China and India, in particular, have come under fire for not making bigger commitments ahead of Glasgow. In the near term, China has promised only that its annual emissions will peak sometime before 2030, which Kerry said “doesn’t advance the ball sufficiently.” India has not even set such a date, arguing that it is still much poorer than other major emitters and needs more time to develop.
It is because of these competing demands of fairness, political possibility and scientific necessity that climate diplomacy often finds itself at an impasse. “Leaders in China and India argue that when the U.S. and other countries were emerging from poverty in the past, they didn’t have to worry about what kind of energy sources they were using,” The Times’s David Leonhardt writes. But “If China cares as little about the planet as England did during the Industrial Revolution, everybody will suffer.”
If climate diplomacy fails, can climate action still succeed?

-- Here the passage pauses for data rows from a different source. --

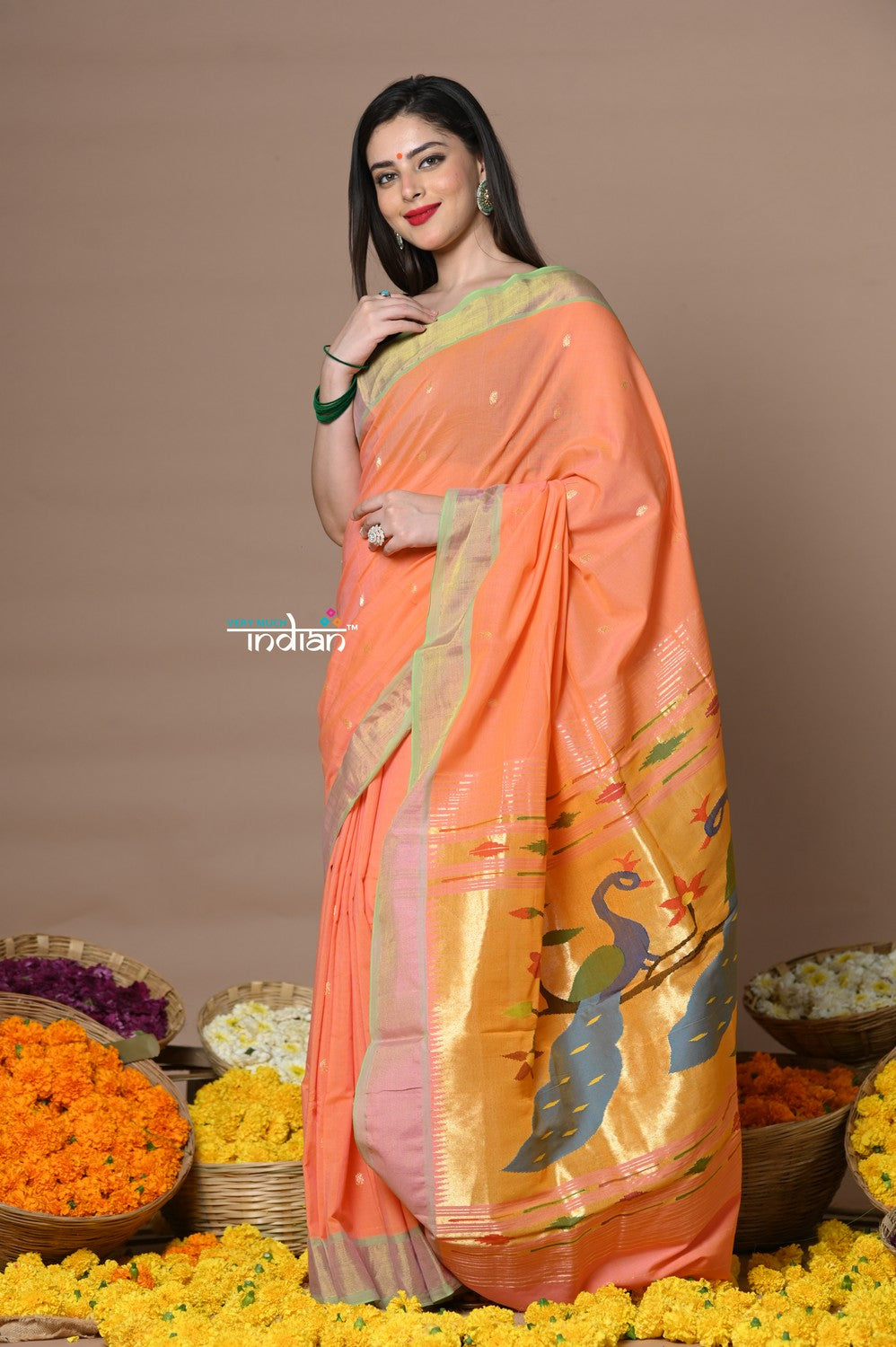 Very Much Indian Rajsi - Handloom Pure Cotton Paithani With Peacock Pallu - Peach | Grocsy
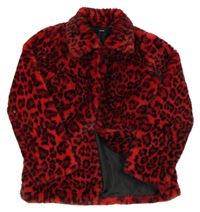Červená kožešinová podšitá bunda s leopardím vzorem George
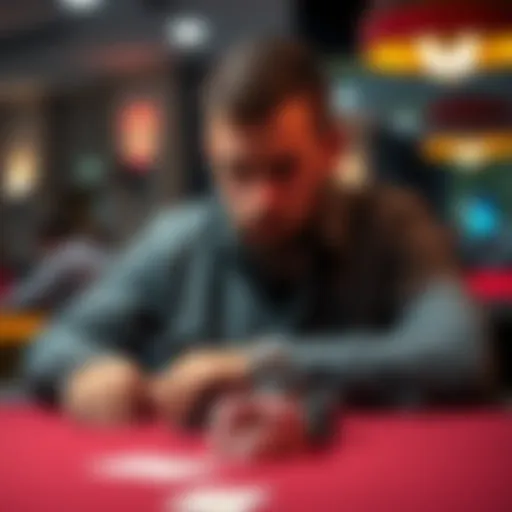 A worried player at a poker table, reflecting on a failed all-in bet with empty chips in front of him.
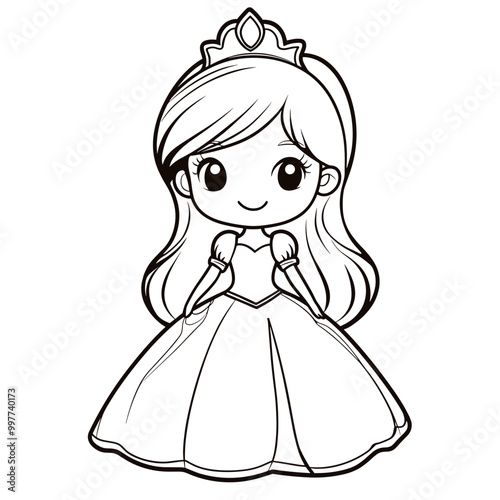 Cute kawaii princess coloring page for kids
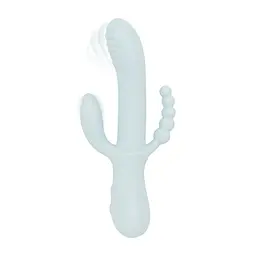 Потрійний вібратор Good Vibes Only - SAGE Triple Stimulation Vibe Soft Silicone - Blue, манливий рух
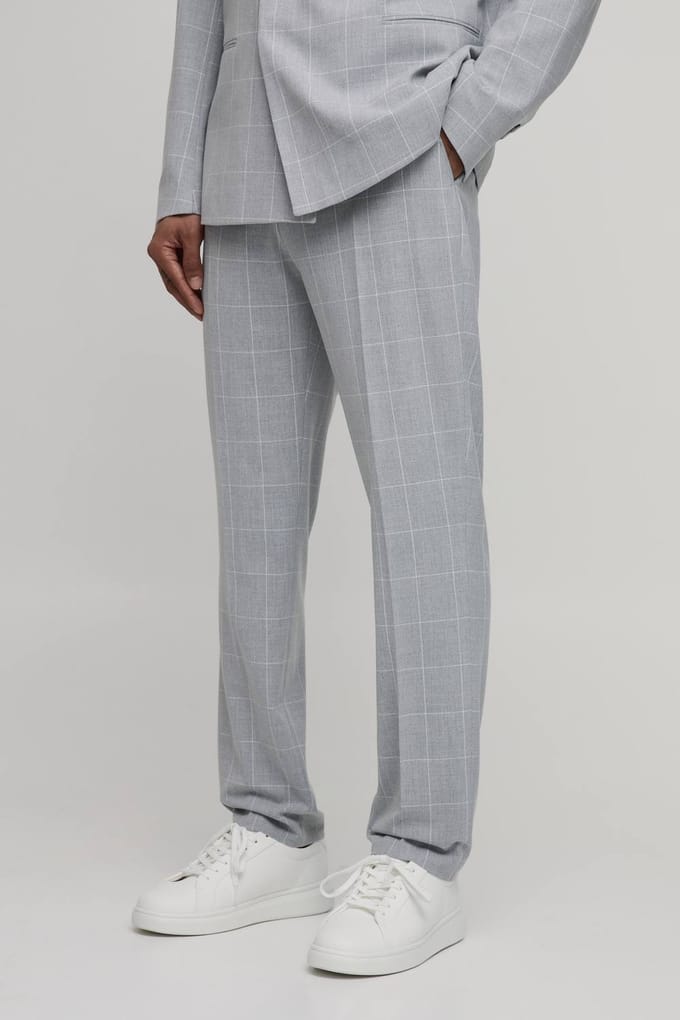 Pantalon Met Ruitjespatroon En Rechte Tailored Pasvorm | Grey | Size 32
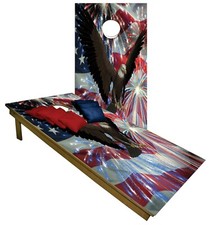 AMERICAN FLAG Custom Cornhole Boards BEANBAG TOSS GAME w Bags USA Patriotic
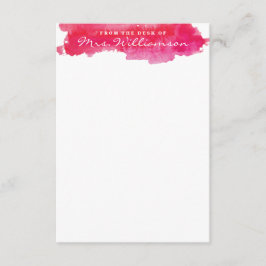 Hot-roze Waterverf Notitiekaartje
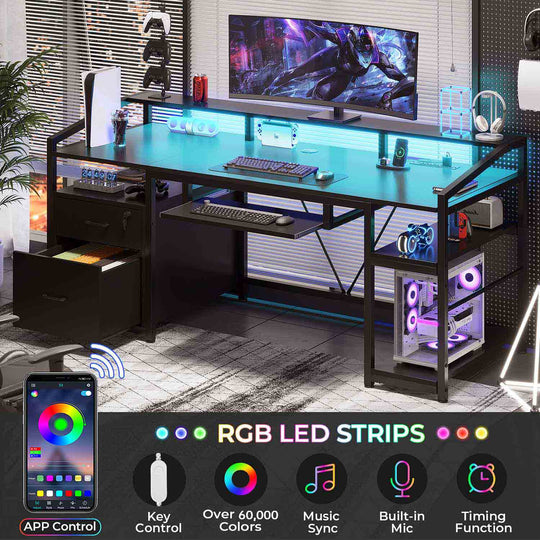 SEDETA 63 Inch Office Computer Desk LED Gaming Desk with Lock Drawers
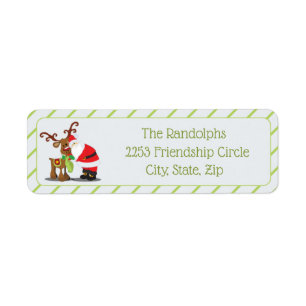 Santa & His Reindeer Diagonal Stripes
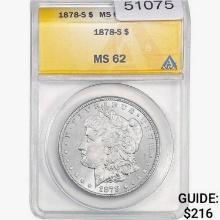 1878-S Morgan Silver Dollar ANACS MS62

Last week, Kerry’s message about the summit abruptly changed: “Glasgow was never going to be, you know, the definitive one meeting,” he said. “It was going to galvanize the raising of ambition on a global basis.”
Kerry’s reversal may be nothing more than an attempt by the Biden administration to save face. But he’s not alone in downplaying the summit’s significance. “I don’t want to categorically trash the [U.N. process] and throw the baby out with the bath water, but it’s time to be realistic about what it can and can’t do,” Jessica Green, a professor of political science who focuses on climate governance, told James Temple at the MIT Technology Review.
What’s the alternative? One, Temple writes, is something called “experimentalist governance,” a model in which smaller institutions and governments that don’t need global consensus can set binding standards that prompt broader changes in polluting industries. One example that proponents of “experimentalist governance” point to is California’s regulation of vehicle pollution, which arguably helped push automakers to develop electric vehicles.
“The hope,” Temple explains, “is that a variety of governments or regulators trying a variety of approaches can provide critical lessons on what does and doesn’t work, and drive a process that makes it cheaper and easier for other areas to enact emissions reduction policies and adopt cleaner technologies.”
Some of the technologies on which climate hopes get pinned are nascent, like carbon capture, and it’s not clear when or if they will ever reach mass commercial viability.
But for rich nations to shift away from fossil fuels “does not depend on huge scientific breakthroughs, welcome as they would be,” Leonhardt points out. “It can happen largely with existing technologies, like wind, solar and nuclear power and the electrification of vehicles.” And despite the free-rider problem, countries do have some self-interested reasons to reduce pollution from fossil fuels.